A nice article and photo here covering last Saturday’s event in Wausau. You will note my deer hunting beard, which with each passing year becomes more and more suited to blending into the snow-covered countryside. Also, I cherish the part about the book being printed on Wisconsin paper, since my Dad was working in a Wisconsin paper mill when I was born.
Congratulations to Books & Co., in Oconomowoc, celebrating 30 years this weekend. I always know I’m going to Books & Co. on book tour when the usually very young publicist from New York City says, “…and then you’re going to a bookstore in Oooka…Ohcoono…Onocos…” They usually give up on the third try.
Working on a manuscript in a scruffy (the best kind of scruffy) coffee shop somewhere along the California coast.

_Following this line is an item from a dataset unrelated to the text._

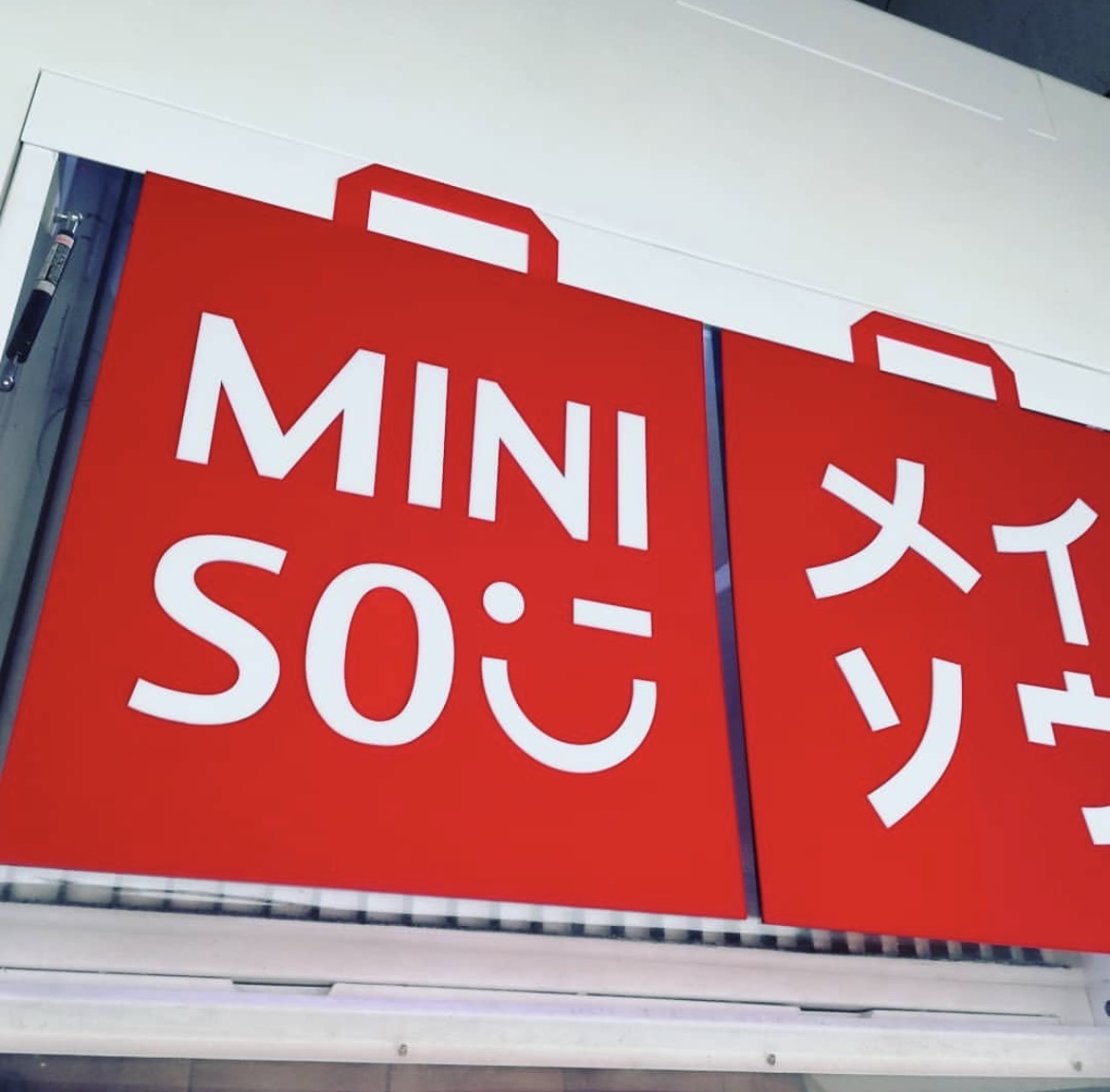 Anuncio de fachada Miniso en acrílico rojo con letras blancas instalado en marquesina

A woman enters, dressed in worn coveralls and an off-kilter trucker cap. She is wearing safety glasses and rubber gloves. Her face is seamed and weathered and has that look of someone aged prematurely by time and trouble. I saw that face many times when I worked in mental health.
She stops at my elbow, leans in, makes eye contact, and in a firm, pleasant voice, asks, “Do you need any help today?”

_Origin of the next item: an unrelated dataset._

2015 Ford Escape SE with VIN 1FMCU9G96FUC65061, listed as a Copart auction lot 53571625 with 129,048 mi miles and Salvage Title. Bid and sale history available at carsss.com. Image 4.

“No thanks,” I say. She smiles kindly, dips her head, and moves on, making her way from table to table, asking each person the same question, and in turn, each person politely demurs.

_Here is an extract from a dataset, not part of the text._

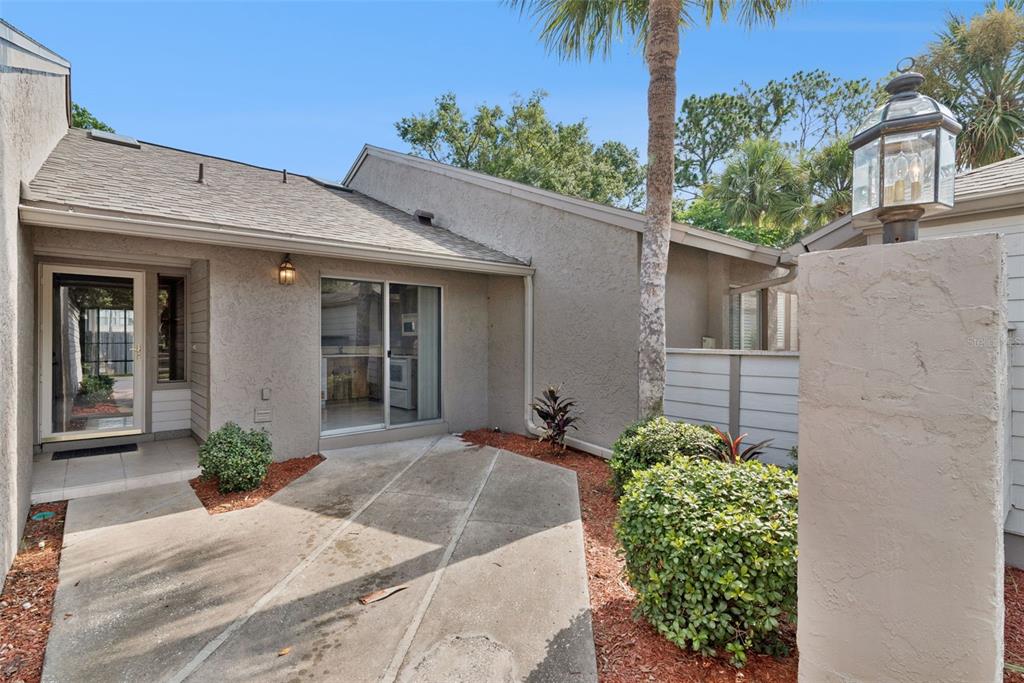 A concrete walkway leads to the front entrance and sliding glass doors of a stucco home — 419 WARRENTON ROAD UNIT 419, WINTER PARK, FL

She’s out the door and down the street before it occurs to me: There may be no kinder question.
And I don’t believe any of us answered correctly.
Sonoma, thank you for the cheese (and Band-Aid), and Pleasanton, thank you for the photo gallery.
A heartfelt silent thank you to the stranger I just overheard recommending my book titles to another person in a coffee shop far from home. He went 3 for 4. However: I cannot take credit for “Uncle Tom’s Cabin.”